Luther: First of the Fallen, page 9
In those early years, I dabbled. It was almost pleasurable to deny myself the indulgence of study, and sometimes months would pass without me even looking at the volumes in my office. I would leaf through a tome on occasion, flipping the pages idly while I paced and thought on other matters. By keeping my arrangements casual, I fooled myself into thinking that I remained free of any real insubordination. After all, my duties of Grand Master were little enough to fill my time and I expected the return of the expeditionary fleets to end the tedium at some point.
A hobby, perhaps. A little dalliance with obscure texts that raised interesting philosophical questions. Nothing more.

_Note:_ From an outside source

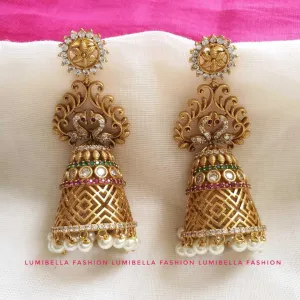 Cone Shaped American Diamond Bird Style Jhumki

The years passed and the Lion did not return. We turned the sons of Caliban into Space Marines and sent them into the void like packaged goods. Returning ships told us that the Great Crusade went well. Thousands of worlds had been made compliant like Caliban.
My idle hobby took up more of my time and I started to believe that the Lion would never return. Caliban’s purpose was served well enough in his absence. Our blood continued to fuel the Dark Angels Legion. Even then I was not so discontent. I think I would have taken it more harshly had the Lion been more present. Continual scrutiny would have been an insult. I started to believe that maybe he did trust me, that his words of duty had not cloaked a hidden admonition.
I was a fool.
All doubt was erased at Zaramund.
Some worlds are carved upon history with thick strokes, while others barely merit a footnote. Zaramund should have been the latter. It was strategically well placed, a staging point from Terra for the Great Crusade, overseeing a stable warp channel that saw thousands of ships launched towards the galactic north. Years before, the First had departed Zaramund before they discovered Caliban.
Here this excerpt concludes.